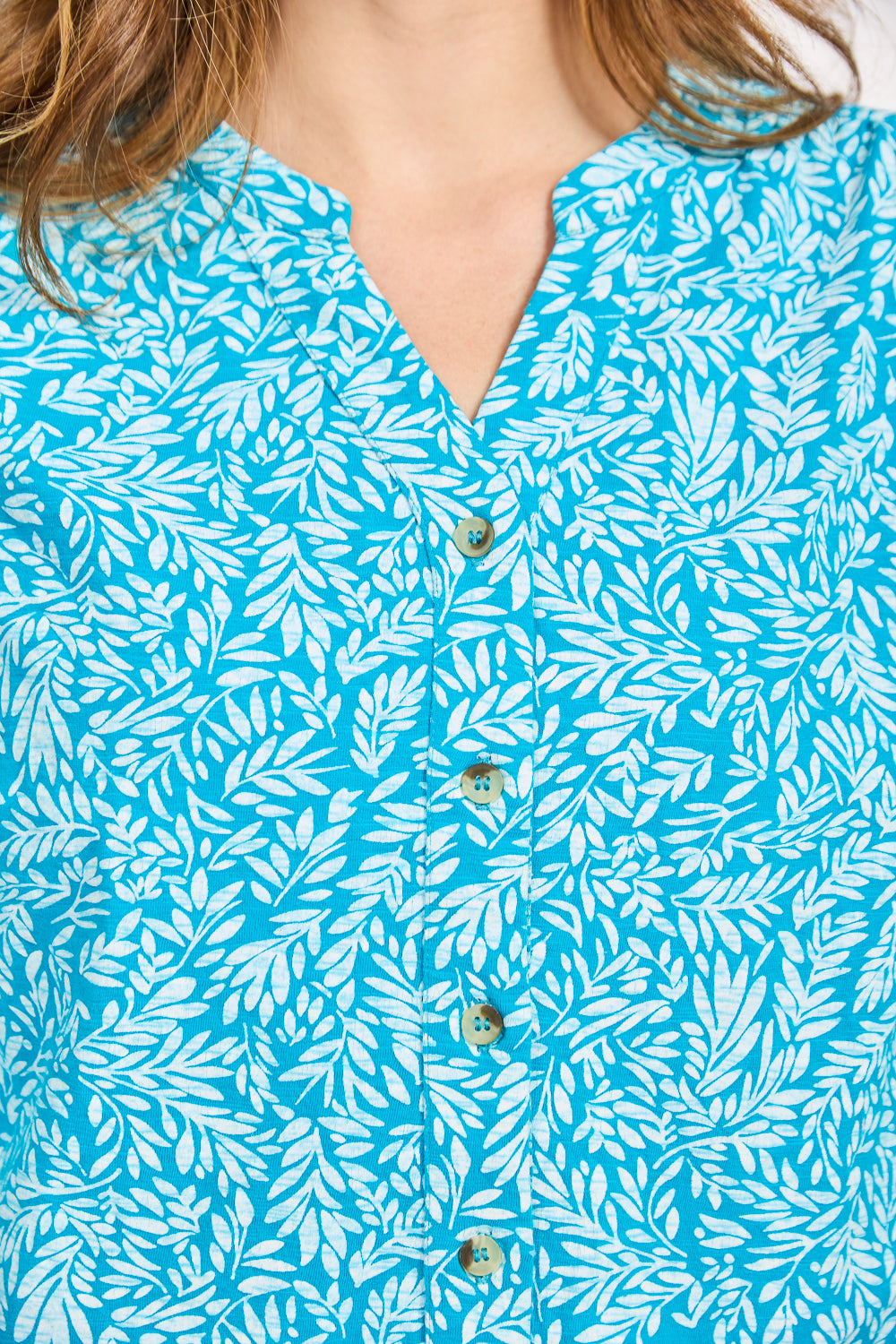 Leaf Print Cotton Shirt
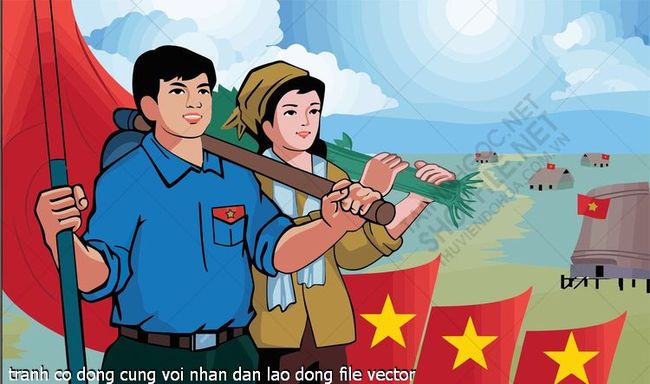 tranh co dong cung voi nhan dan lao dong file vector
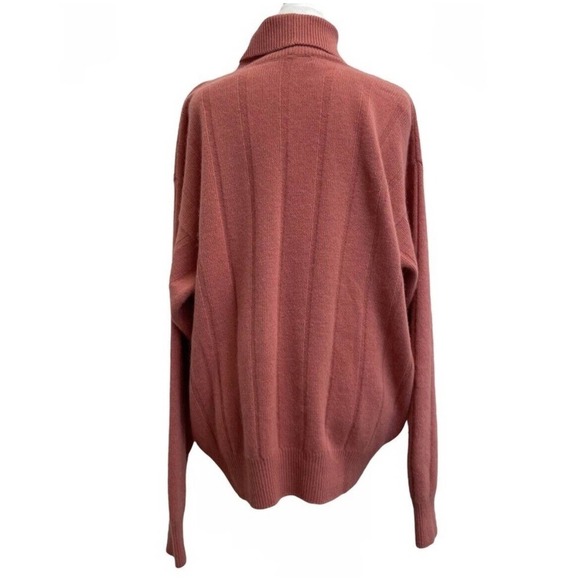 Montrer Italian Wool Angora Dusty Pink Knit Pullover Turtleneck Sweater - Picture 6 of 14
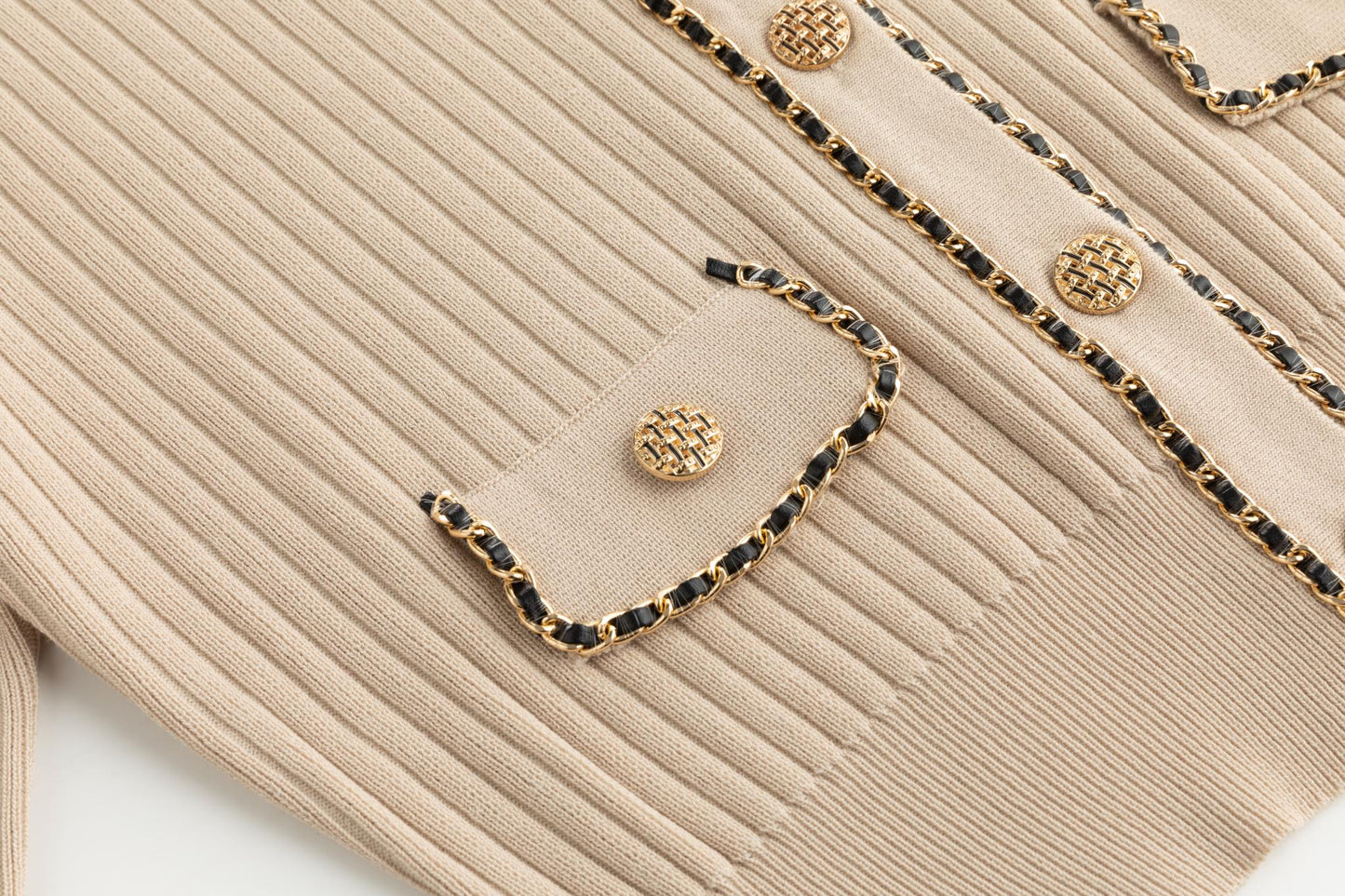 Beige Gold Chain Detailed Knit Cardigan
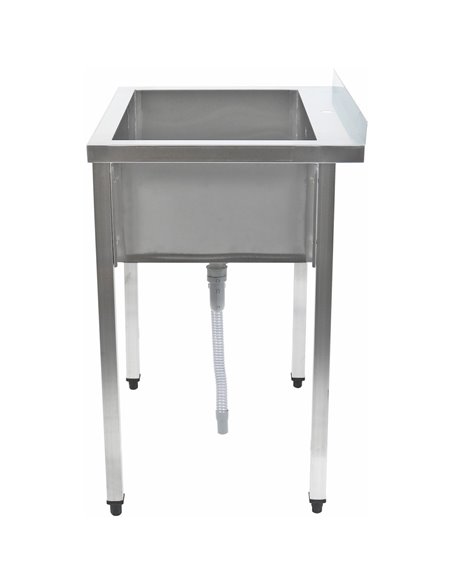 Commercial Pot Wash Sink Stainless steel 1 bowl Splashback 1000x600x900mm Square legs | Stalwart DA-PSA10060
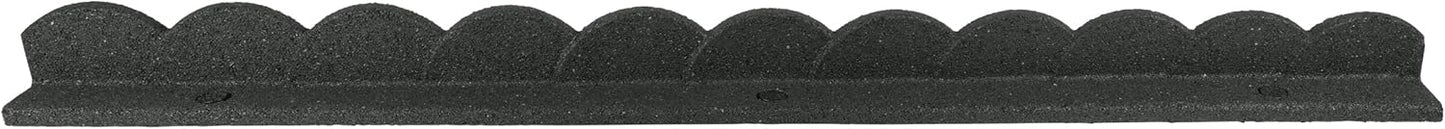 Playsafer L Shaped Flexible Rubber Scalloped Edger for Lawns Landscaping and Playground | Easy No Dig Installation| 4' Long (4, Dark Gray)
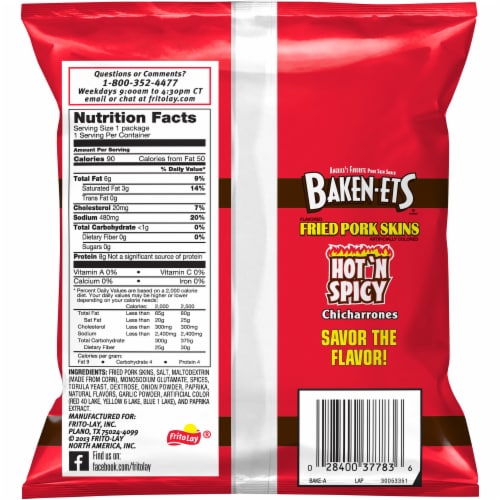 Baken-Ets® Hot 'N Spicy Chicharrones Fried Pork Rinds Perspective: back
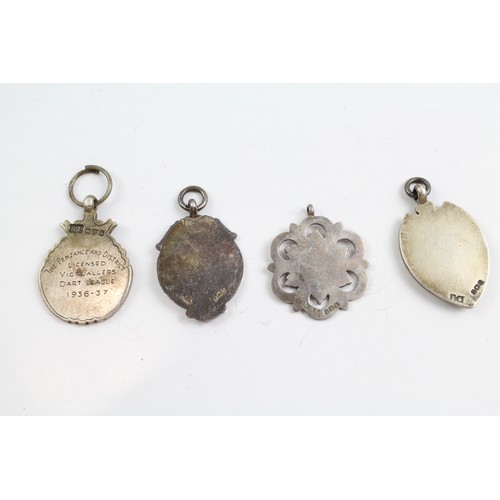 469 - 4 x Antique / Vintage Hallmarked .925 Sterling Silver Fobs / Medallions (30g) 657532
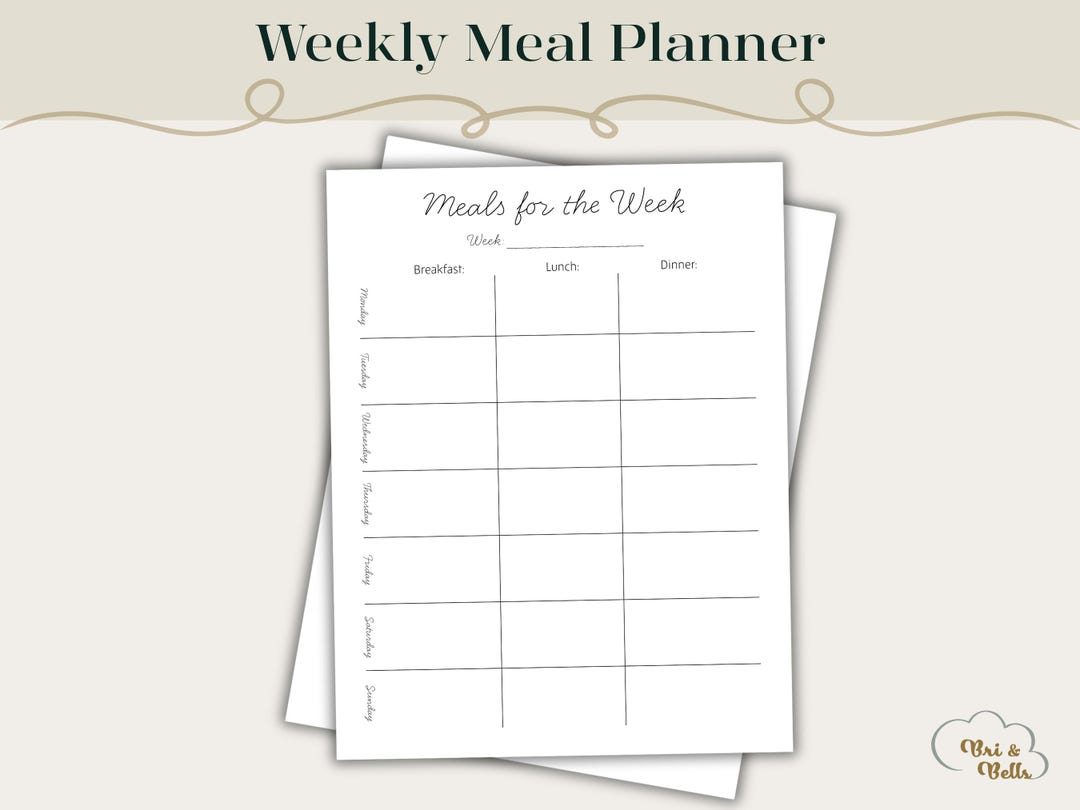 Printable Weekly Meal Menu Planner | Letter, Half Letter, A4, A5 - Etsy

*WHAT TO DO*.
In your output, repeat the listing above exactly and include none of the pictures.

*RESULT OF THE EXERCISE*.
 Leaf Print Cotton Shirt
 tranh co dong cung voi nhan dan lao dong file vector
 Montrer Italian Wool Angora Dusty Pink Knit Pullover Turtleneck Sweater - Picture 6 of 14
 Beige Gold Chain Detailed Knit Cardigan
 Commercial Pot Wash Sink Stainless steel 1 bowl Splashback 1000x600x900mm Square legs | Stalwart DA-PSA10060
 Playsafer L Shaped Flexible Rubber Scalloped Edger for Lawns Landscaping and Playground | Easy No Dig Installation| 4' Long (4, Dark Gray)
 Baken-Ets® Hot 'N Spicy Chicharrones Fried Pork Rinds Perspective: back
 469 - 4 x Antique / Vintage Hallmarked .925 Sterling Silver Fobs / Medallions (30g) 657532
 Printable Weekly Meal Menu Planner | Letter, Half Letter, A4, A5 - Etsy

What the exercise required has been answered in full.